Multi-level Distance Metric Learning for Few-shot Spoken term classification

Conference: ICETIS 2022 - 7th International Conference on Electronic Technology and Information Science
01/21/2022 - 01/23/2022 at Harbin, China

Proceedings: ICETIS 2022

Pages: 6Language: englishTyp: PDF

Authors:
Wu, Yiqi; Ma, Zhongchen (School of Computer Science and Communication Engineering, Jiangsu University, Zhenjiang, Jiangsu, China)
Mao, Qirong (School of Computer Science and Communication Engineering, Jiangsu University, Zhenjiang, Jiangsu, China & Jiangsu Engineering Research Center of Big Data Ubiquitous Perception and Intelligent Agriculture Applications, Zhenjiang, Jiangsu, China)

Abstract:
Spoken term classification has attracted great attention of researchers because of its wide application in real life. Traditional methods use a deep neural network trained with tremendous samples to classify a particular keyword which may not be applicable in case of insufficient samples and restrict the system from recognizing new or user-defined keywords.
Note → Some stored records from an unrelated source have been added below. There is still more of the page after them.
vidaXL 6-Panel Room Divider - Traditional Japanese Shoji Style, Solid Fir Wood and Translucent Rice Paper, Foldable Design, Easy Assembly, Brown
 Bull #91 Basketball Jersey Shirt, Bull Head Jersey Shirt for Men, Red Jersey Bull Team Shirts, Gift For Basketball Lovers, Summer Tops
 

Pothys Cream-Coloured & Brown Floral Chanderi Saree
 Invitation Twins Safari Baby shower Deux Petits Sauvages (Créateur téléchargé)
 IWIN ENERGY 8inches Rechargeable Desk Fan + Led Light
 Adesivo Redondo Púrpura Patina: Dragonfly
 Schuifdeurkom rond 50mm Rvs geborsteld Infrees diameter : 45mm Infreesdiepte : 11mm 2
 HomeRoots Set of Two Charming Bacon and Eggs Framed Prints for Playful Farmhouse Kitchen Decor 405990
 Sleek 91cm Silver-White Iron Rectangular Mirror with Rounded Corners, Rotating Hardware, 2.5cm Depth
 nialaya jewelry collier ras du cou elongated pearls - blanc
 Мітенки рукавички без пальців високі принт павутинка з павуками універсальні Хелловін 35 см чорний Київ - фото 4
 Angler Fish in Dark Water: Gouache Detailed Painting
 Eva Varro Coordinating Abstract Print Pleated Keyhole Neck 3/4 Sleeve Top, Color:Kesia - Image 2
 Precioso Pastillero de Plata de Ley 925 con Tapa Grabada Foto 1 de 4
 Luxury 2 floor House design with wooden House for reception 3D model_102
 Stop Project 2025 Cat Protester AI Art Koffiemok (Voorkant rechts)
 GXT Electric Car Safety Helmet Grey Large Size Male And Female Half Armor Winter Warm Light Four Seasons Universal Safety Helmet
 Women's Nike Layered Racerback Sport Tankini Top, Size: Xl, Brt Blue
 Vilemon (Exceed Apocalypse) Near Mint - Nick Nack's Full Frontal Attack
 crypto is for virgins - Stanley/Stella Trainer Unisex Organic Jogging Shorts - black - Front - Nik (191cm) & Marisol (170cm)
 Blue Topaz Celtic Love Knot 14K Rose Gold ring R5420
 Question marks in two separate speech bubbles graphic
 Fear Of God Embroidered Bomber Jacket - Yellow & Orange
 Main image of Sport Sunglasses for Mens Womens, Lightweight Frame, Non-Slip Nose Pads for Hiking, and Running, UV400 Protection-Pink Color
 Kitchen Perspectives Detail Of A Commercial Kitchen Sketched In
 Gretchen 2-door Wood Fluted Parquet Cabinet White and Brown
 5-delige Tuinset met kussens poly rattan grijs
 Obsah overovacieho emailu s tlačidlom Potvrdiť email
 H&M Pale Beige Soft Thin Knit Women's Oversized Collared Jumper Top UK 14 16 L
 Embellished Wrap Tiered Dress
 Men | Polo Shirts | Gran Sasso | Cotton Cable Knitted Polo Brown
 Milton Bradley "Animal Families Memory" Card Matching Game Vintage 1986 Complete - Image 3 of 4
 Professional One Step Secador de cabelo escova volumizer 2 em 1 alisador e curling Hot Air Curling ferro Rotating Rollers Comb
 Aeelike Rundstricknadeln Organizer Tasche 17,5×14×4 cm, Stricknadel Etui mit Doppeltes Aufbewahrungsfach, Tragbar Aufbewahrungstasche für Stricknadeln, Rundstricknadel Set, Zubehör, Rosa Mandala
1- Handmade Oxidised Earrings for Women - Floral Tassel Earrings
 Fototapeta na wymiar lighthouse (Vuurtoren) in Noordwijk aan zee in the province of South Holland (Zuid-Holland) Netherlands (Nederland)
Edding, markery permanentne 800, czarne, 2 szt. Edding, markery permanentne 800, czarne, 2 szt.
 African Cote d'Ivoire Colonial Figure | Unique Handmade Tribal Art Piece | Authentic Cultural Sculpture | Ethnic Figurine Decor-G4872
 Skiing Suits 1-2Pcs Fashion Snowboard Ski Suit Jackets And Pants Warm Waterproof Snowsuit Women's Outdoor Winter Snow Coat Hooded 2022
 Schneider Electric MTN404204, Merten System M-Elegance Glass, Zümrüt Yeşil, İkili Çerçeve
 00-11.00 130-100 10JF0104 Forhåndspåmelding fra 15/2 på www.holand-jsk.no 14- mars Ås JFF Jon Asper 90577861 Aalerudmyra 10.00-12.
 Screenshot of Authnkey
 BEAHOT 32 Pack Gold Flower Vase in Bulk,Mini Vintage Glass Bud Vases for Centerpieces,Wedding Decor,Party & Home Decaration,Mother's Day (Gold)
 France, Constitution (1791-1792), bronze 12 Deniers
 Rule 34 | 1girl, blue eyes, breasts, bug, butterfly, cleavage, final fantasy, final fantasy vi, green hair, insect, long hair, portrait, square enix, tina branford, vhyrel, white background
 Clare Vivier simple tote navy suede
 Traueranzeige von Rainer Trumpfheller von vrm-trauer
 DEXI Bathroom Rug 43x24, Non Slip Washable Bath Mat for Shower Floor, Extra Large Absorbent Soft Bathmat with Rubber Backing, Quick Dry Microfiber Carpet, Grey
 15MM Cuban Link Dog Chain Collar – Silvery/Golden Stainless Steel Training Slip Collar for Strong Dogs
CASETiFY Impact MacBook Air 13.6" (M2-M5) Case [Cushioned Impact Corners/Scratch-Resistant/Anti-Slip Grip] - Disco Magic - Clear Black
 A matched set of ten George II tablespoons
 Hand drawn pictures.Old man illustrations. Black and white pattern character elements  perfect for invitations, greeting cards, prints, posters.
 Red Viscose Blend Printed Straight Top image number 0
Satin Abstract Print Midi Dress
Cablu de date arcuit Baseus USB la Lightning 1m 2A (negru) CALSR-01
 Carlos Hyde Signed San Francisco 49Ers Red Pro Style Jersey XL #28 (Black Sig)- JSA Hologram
Few-shot learning algorithm is then applied to this speech task since it can use only a few examples to adapt to classifying new classes. Metric learning for few-shot learning aims to learn a metric in episode learning such that the distance between the positive pair of each episode is closed and the distance between the negative pair of each episode is far away. However, due to various pronunciation, speed or intonation, some spoken samples may be extremely dissimilar to its positive sample, but very similar to its negative sample, leading these samples to be ignored or overly influenced in metric learning. Therefore, to cope with this problem we propose a multi-level distance regularized metric learning method for few-shot spoken term classification. It explicitly disturbs a learning procedure by regularizing pairwise distances between embedding vectors into multiple levels. In this way, the degree of similarity between a pair can be fully utilized and the importance of each sample in metric learning is considered in a balanced manner. Multi-level Distance Regularization with simple Prototypical Network achieves the state-of-the-art performance in benchmark dataset: Google Speech Commands dataset.